> _Your goal_
Without including any pictures, reproduce the full listing exactly.

> _Data below_
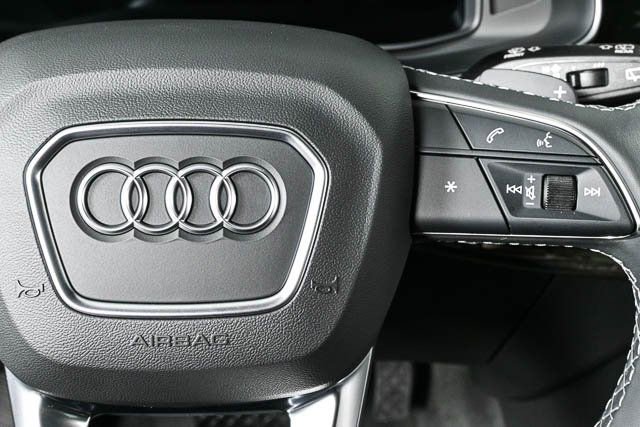 2025 Audi Q8 Premium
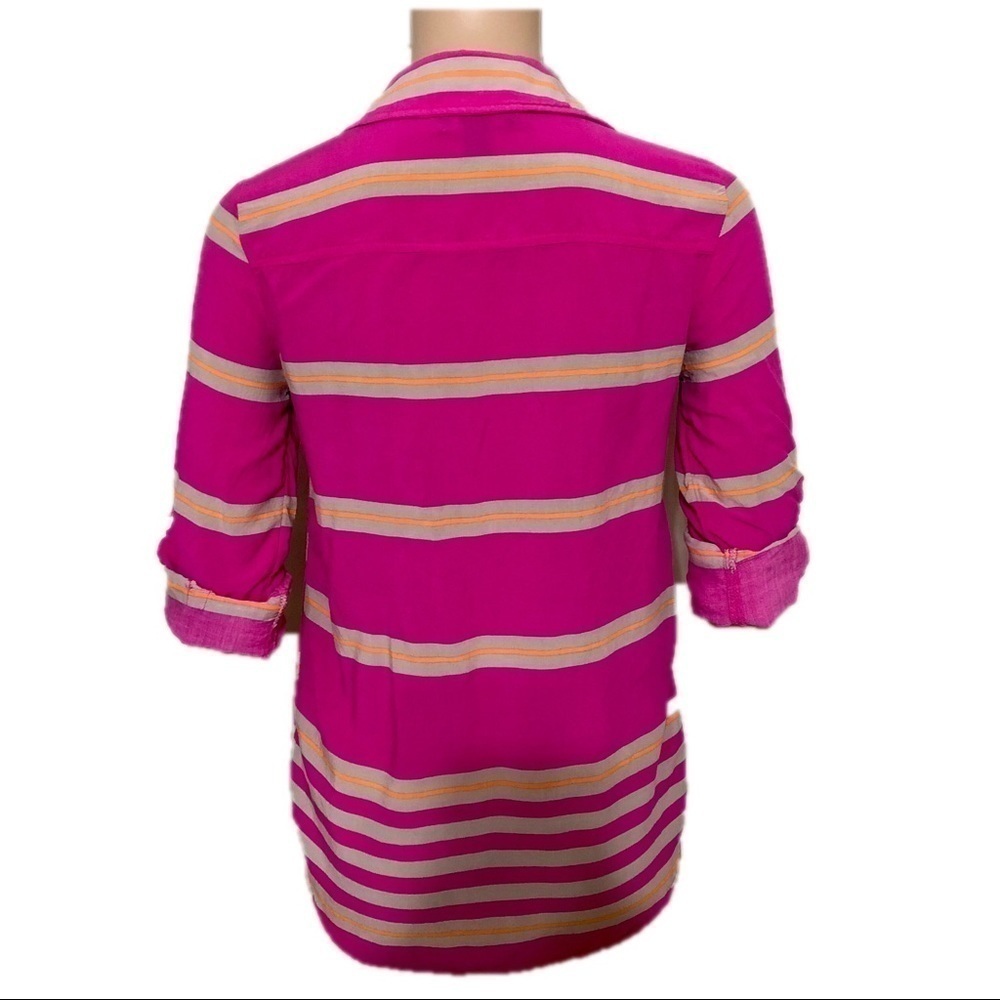 Old Navy Top with Front Pockets - Picture 4 of 11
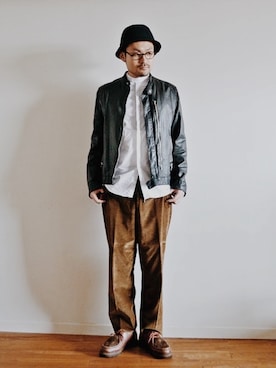 「Yves Saint Laurent（イヴサンローラン）のアイテム（パンツ）」を使った、LION-DOさん（メンズ・178cm）の秋コーディネート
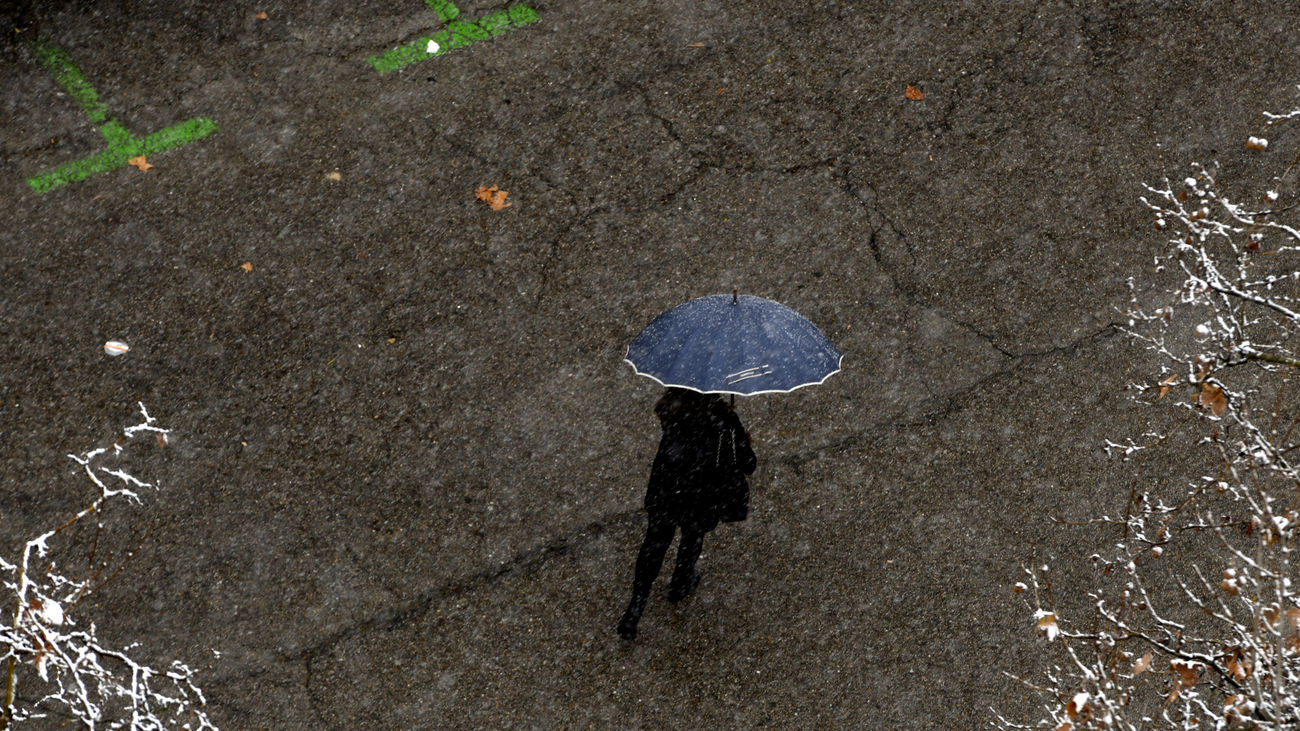 Un hombre con paraguas en Madrid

> _Reply to the exercise_
 2025 Audi Q8 Premium
 Old Navy Top with Front Pockets - Picture 4 of 11
 「Yves Saint Laurent（イヴサンローラン）のアイテム（パンツ）」を使った、LION-DOさん（メンズ・178cm）の秋コーディネート
 Un hombre con paraguas en Madrid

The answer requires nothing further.